Zhejiang Conba Pharmaceutical Co., Ltd (SHA: 600572) has announced that its modified version of US firm Marnac’s pirfenidone, in the form of an inhalable solution, has been approved for clinical trials in China. The drug is aimed at treating idiopathic pulmonary fibrosis (IPF), a progressive lung disease characterized by diffuse alveolitis and alveolar structural disorder.

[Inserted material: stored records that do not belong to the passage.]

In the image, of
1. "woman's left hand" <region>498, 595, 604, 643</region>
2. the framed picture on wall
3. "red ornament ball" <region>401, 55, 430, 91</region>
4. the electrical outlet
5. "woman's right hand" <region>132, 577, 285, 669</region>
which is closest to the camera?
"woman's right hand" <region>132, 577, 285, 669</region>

Category 2.2 Drug Development for IPF
The Category 2.2 drug from Conba Pharmaceutical is part of a broader effort to develop treatments for idiopathic pulmonary interstitial fibrosis. Pirfenidone, known for its broad-spectrum anti-fibrotic effects, has already been approved to treat IPF in Japan, the US, and Europe.
Market Presence of Pirfenidone in China
In China, Continent Pharma’s pirfenidone capsules were the first to obtain marketing approval in 2013, becoming the first Category 1 drug to treat mild to moderate IPF with National Reimbursement Drug List (NRLD) status from 2017. Kawin Technology’s generic version of the tablets received market approval in September 2019. The sales of pirfenidone in China reached RMB 526 million for capsules and RMB 33 million for tablets in 2022.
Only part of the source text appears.